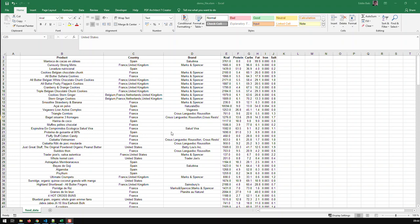So if I input like Spain, I don't want to have only those rows up here where Spain is a country, but possibly a product which has Spain in it or a brand which has Spain in it and so on.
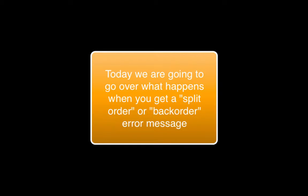Hello, today we're going to go over what happens when you get a split order or back order error message in Deere Inventory Systems.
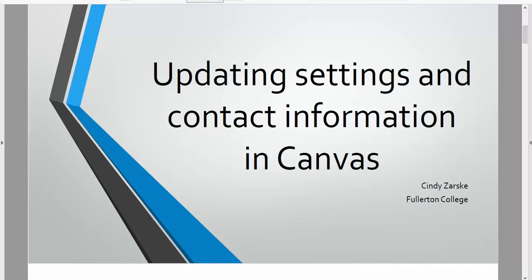Hello students, this is your math teacher Cindy Zarsky. Since you'll be using Canvas for our course,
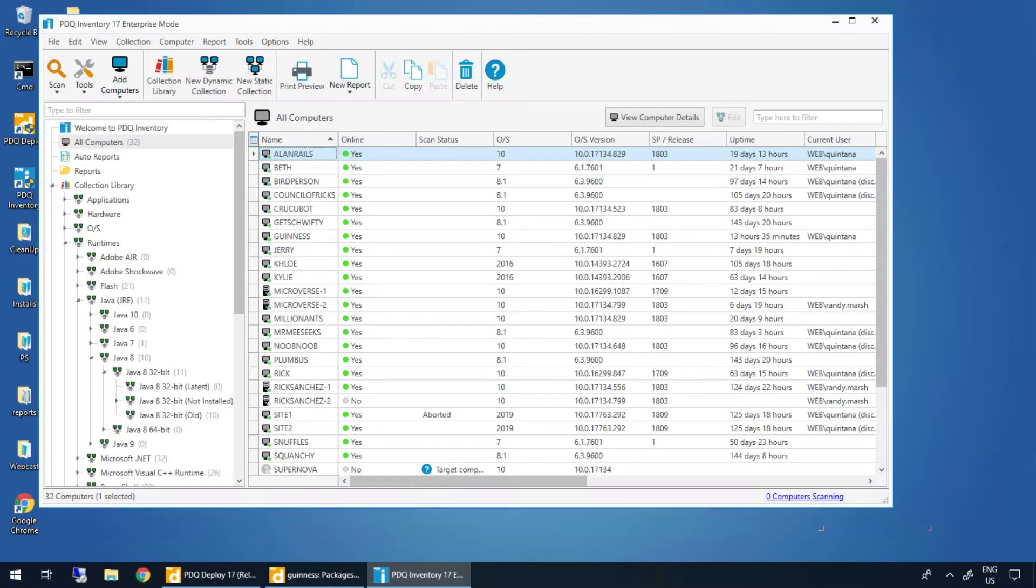Hey everybody, it's Lex from PDQ.com. I'm going to show you how to make your main console window a little more custom to you and what you may want to see.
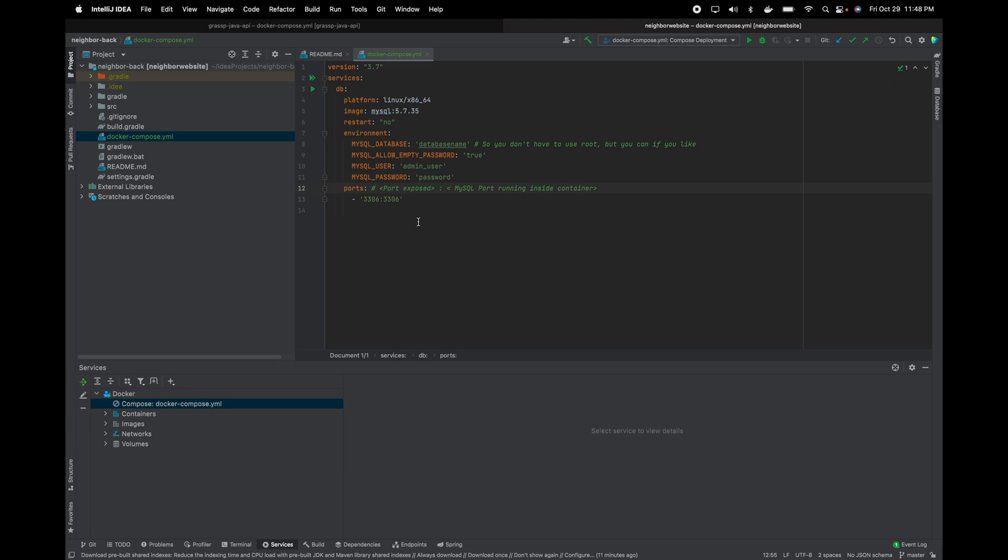Hello, this is for people who are trying to run MySQL 5.7 on an M1 Mac computer. Basically, what you need to do is run the platform to be x86-64, and that's how you get around this.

◆ ◆ ◆ ◆ ◆

YOUR TASK
Every line of the material above must be written out exactly, with no pictures.

ANSWER TO THIS PROBLEM
So if I input like Spain, I don't want to have only those rows up here where Spain is a country, but possibly a product which has Spain in it or a brand which has Spain in it and so on.
Hello, today we're going to go over what happens when you get a split order or back order error message in Deere Inventory Systems.
Hello students, this is your math teacher Cindy Zarsky. Since you'll be using Canvas for our course,
Hey everybody, it's Lex from PDQ.com. I'm going to show you how to make your main console window a little more custom to you and what you may want to see.
Hello, this is for people who are trying to run MySQL 5.7 on an M1 Mac computer. Basically, what you need to do is run the platform to be x86-64, and that's how you get around this.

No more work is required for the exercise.